Before watching her new fourth-grade teacher swim in the 2016 Paralympic Games, Angelique Gomez was thinking about giving up on piano.
"You have to try and try and try, and it's a lot to learn," she said about playing the instrument.
But if there is one thing that Angelique and her classmates at Bollman Bridge Elementary have learned from watching Cortney Jordan compete in Rio de Janeiro, it is perseverance.
"They're not necessarily able to do everything that we can do, like yesterday we watched some swimming and some people couldn't get out of the pool by themselves. But they could swim," said fourth-grader Grace Haber. "It shows that those people have a lot of determination."
Jordan, who was born with cerebral palsy, doesn't have use of her left leg and her left arm is weaker than her right. That didn't stop the Henderson, Nev., native from swimming her way to eight medals in the past two Paralympic games.
"She tries her best at everything," Angelique said of the teacher she has not met yet.
Jordan was hired by Howard County Public School System on Aug. 25 and departed for the 2016 Games before school started on Aug. 28. Her math co-teacher, Olga Lloyde, is teaching her students in her absence and has been broadcasting Jordan's races and other Paralympics events during class.

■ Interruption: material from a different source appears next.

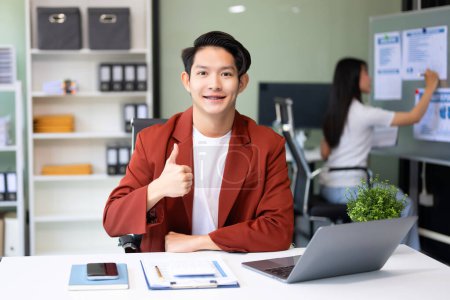 Foto de Joven atractivo asiático trabajador de oficina en trajes de negocios sonriendo a la cámara en la oficina y mostrando los pulgares hacia arriba - Imagen libre de derechos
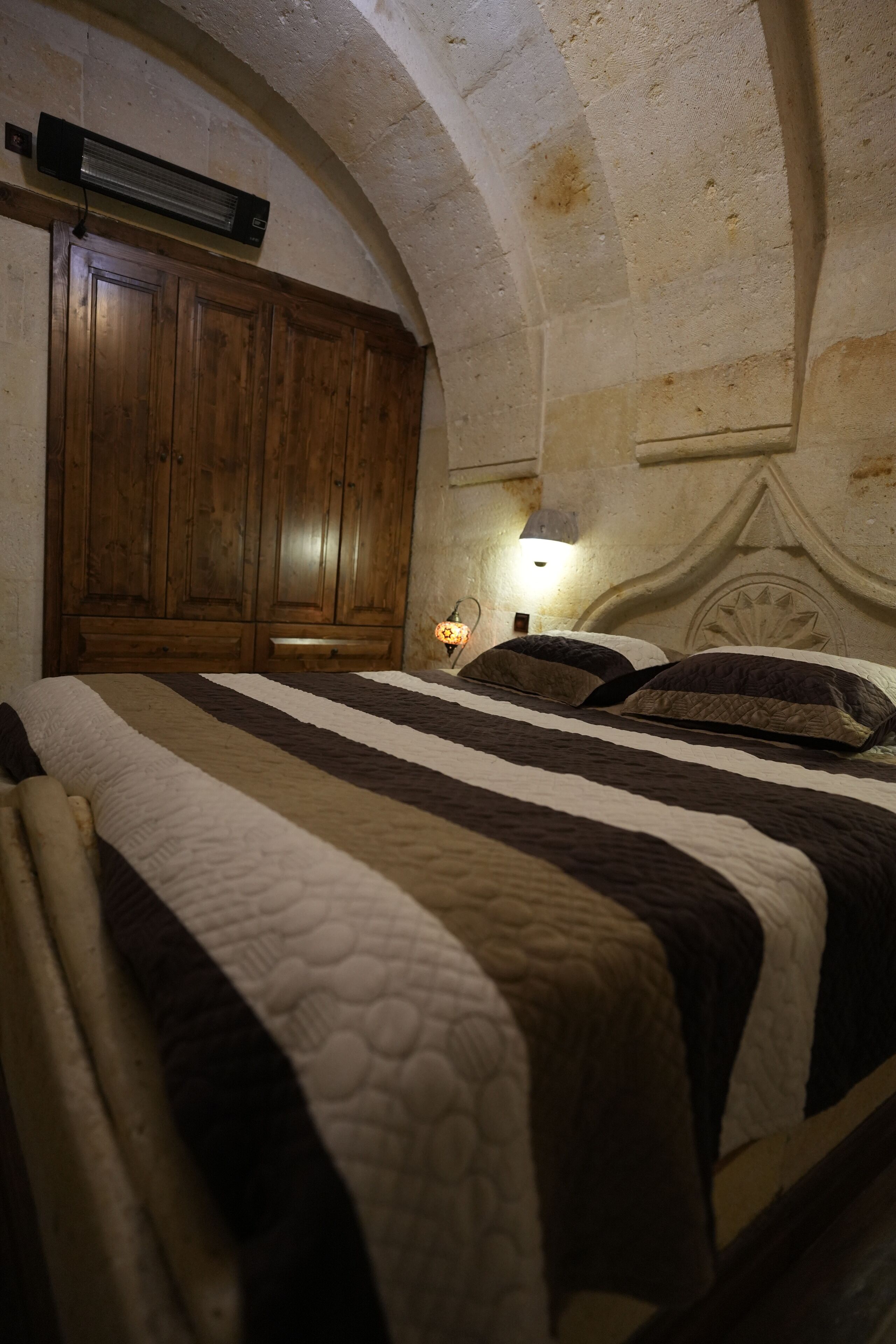 A bedroom with a large bed, wooden wardrobe, and a wall-mounted heater.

"This is a great opportunity for the kids and for us all," Lloyde said. "I believe that when you let your light shine, you give permission to others for their light to shine. It's just breaking down barriers for all people, for everyone to realize that you do have access to greatness, despite anything."
Friday morning, the students watched their teacher swim in the semifinals of the 100-meter freestyle race. They chanted, "Jordan! Jordan!" in rhythmic unison, chanting faster and faster as the competitors neared the finish. Quiet took over the room before the results were announced.

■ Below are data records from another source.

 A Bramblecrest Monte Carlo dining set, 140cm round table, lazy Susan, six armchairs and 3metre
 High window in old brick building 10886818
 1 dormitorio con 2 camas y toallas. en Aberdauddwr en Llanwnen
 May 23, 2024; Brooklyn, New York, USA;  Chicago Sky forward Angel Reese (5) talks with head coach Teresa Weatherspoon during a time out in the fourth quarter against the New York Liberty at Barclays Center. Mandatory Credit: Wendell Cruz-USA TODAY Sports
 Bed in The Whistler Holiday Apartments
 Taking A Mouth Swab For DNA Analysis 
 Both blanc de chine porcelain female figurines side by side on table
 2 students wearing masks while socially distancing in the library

Jordan had taken third place and would move onto the finals later that afternoon. The students jumped up in their chairs, cheering and clapping.

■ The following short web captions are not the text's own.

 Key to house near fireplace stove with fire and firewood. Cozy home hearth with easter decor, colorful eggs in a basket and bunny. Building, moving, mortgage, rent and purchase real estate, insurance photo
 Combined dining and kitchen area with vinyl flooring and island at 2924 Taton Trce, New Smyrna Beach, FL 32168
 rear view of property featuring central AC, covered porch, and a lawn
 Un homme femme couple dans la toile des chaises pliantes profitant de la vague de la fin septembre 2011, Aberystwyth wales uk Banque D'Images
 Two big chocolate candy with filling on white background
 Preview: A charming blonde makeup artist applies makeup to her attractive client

"It makes me feel like I have no excuse to follow my dreams or to follow the things that I want to do," Lloyde told the class afterward. "It makes me feel excuseless."
Lloyde asked the students what they had learned from watching Jordan.
"That it must be harder to get into the Paralympics than it is to get into the Olympics, because the [Paralympians] have to get past something that they might find difficult and frustrating," said fourth-grader William Hancock.
Student Jayden Dixon said he learned that people who have disabilities "can do the same things that other people can do."
Jordan, who moved to Baltimore from Colorado three years ago to train with a Loyola University coach, went on to win silver in the 100-meter freestyle event on Friday afternoon. She had won two silver medals and a bronze medal earlier that week.